*YOUR OBJECTIVE:* Wherever a line of the data contains "Nike", copy that line.

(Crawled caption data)
**********

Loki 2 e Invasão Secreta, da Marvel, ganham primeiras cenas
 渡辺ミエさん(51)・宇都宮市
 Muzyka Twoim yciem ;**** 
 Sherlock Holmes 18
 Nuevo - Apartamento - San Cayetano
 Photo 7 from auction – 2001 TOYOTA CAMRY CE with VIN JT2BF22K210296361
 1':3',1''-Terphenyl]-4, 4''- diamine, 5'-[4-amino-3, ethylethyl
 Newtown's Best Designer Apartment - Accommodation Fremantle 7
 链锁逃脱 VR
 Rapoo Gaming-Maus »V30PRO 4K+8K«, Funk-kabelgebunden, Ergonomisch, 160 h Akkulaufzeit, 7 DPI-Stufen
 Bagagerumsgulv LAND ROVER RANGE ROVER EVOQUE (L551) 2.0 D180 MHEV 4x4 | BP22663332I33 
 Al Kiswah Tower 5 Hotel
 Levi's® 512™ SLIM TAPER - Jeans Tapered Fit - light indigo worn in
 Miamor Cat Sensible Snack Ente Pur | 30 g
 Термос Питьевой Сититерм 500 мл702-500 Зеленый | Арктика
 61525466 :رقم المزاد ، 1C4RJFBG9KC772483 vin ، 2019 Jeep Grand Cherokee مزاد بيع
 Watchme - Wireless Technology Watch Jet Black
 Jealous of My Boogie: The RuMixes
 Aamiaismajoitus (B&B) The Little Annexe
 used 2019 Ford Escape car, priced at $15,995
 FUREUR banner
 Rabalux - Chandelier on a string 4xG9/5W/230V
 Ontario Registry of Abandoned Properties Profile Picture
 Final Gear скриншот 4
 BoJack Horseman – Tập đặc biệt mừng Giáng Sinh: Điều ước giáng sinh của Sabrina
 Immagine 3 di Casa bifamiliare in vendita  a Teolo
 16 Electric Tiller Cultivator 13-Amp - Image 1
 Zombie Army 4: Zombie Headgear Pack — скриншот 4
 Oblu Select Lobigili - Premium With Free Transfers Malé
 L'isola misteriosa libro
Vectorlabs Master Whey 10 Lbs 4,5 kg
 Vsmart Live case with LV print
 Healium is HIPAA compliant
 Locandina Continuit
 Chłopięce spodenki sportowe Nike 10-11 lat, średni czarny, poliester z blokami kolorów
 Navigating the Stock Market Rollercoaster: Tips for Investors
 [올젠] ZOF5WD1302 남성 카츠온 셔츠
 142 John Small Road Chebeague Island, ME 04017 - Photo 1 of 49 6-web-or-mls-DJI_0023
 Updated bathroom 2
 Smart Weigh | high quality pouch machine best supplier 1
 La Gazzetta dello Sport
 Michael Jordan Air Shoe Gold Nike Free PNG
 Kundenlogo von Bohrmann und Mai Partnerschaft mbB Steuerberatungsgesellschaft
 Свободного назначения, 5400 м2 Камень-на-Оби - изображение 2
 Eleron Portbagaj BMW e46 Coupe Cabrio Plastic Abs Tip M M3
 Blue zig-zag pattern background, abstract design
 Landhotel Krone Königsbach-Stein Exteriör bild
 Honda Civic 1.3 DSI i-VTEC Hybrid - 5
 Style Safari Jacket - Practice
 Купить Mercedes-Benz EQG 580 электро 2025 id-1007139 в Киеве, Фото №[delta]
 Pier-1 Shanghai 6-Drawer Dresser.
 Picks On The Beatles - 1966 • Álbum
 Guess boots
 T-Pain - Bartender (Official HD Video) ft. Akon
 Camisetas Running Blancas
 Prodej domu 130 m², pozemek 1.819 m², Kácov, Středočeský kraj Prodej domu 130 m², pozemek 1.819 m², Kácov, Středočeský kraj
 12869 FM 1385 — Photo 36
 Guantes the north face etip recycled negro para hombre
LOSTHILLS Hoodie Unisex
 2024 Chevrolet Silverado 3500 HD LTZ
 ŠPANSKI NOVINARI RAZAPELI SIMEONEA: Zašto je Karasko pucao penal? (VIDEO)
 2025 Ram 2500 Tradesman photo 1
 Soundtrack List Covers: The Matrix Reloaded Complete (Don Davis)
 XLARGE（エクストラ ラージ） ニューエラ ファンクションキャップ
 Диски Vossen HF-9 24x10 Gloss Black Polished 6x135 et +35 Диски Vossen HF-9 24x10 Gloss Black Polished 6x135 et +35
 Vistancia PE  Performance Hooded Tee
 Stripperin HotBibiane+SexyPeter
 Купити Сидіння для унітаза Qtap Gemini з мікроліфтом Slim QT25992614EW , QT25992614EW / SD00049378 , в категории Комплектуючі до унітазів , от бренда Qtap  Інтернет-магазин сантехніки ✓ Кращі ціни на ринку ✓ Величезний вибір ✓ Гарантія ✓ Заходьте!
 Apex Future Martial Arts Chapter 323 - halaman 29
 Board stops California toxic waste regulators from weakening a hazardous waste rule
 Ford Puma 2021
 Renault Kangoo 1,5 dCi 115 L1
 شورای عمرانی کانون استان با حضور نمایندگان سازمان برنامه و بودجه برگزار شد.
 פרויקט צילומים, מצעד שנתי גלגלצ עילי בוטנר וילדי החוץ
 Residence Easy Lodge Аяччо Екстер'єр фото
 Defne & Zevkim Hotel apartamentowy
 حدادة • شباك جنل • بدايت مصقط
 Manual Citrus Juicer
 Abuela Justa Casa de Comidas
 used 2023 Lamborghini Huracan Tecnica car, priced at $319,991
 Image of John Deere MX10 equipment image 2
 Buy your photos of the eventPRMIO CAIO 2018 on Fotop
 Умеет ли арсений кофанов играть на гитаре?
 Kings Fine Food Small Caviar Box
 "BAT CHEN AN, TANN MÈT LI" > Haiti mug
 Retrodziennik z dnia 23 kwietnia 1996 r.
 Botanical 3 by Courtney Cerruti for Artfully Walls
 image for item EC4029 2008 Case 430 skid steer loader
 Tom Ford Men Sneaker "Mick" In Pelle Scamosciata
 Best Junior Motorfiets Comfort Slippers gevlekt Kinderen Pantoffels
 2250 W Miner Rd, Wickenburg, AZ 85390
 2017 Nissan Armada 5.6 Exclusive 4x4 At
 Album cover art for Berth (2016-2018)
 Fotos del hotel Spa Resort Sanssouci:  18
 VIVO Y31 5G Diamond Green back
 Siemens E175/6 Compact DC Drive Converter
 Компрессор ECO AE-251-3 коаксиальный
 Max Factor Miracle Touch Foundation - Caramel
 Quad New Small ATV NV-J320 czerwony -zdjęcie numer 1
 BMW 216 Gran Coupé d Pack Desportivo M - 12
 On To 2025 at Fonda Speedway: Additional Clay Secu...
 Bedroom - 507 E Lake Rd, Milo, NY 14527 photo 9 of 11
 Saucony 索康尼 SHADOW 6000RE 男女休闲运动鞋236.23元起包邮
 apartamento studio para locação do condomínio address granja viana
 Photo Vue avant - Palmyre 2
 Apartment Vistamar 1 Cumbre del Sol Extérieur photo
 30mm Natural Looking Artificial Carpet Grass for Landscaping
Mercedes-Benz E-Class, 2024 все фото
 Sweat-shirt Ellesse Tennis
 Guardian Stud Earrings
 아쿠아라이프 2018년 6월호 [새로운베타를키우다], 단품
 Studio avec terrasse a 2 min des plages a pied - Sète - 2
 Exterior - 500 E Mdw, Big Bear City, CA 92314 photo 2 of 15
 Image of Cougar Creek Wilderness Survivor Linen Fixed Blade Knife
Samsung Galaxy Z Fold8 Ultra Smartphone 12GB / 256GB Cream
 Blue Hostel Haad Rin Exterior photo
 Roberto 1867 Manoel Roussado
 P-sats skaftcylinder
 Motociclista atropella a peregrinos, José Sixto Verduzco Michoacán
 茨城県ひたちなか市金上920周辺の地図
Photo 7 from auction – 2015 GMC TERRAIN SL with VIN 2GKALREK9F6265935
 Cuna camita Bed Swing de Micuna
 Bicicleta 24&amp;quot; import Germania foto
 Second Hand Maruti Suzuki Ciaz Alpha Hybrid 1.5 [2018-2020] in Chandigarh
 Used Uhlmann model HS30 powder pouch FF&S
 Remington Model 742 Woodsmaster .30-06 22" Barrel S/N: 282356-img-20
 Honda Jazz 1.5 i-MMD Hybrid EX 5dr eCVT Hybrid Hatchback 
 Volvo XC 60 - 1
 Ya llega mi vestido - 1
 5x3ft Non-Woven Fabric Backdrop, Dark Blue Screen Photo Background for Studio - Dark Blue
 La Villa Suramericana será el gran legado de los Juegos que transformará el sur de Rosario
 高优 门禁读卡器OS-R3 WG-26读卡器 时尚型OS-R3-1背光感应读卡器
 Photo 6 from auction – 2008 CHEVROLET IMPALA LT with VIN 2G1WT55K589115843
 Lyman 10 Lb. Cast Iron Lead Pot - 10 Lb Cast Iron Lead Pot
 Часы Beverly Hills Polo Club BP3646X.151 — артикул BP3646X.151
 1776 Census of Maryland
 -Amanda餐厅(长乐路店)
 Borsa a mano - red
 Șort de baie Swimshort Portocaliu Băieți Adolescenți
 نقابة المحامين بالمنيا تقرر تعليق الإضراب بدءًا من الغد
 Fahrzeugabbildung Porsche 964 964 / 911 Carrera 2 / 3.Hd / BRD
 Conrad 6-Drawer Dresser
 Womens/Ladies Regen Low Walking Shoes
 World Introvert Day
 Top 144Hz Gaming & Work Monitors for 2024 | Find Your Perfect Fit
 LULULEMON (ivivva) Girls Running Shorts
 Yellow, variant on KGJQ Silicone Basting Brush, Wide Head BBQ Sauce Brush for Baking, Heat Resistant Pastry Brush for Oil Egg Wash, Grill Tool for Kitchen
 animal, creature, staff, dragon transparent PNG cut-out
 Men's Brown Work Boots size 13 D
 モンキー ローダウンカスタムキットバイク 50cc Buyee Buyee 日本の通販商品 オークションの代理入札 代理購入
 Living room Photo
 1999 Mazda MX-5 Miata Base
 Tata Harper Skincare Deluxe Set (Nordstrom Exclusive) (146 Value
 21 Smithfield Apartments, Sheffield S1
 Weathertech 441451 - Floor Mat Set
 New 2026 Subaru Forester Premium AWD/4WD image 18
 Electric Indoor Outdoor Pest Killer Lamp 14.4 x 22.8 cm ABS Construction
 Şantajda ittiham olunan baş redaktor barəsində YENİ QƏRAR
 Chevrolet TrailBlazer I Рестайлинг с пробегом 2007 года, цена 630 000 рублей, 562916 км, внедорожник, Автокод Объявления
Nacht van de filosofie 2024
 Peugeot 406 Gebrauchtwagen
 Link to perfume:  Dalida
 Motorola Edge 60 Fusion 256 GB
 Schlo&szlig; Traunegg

**********

*RESULT OF THIS EXERCISE:*
 Chłopięce spodenki sportowe Nike 10-11 lat, średni czarny, poliester z blokami kolorów
 Michael Jordan Air Shoe Gold Nike Free PNG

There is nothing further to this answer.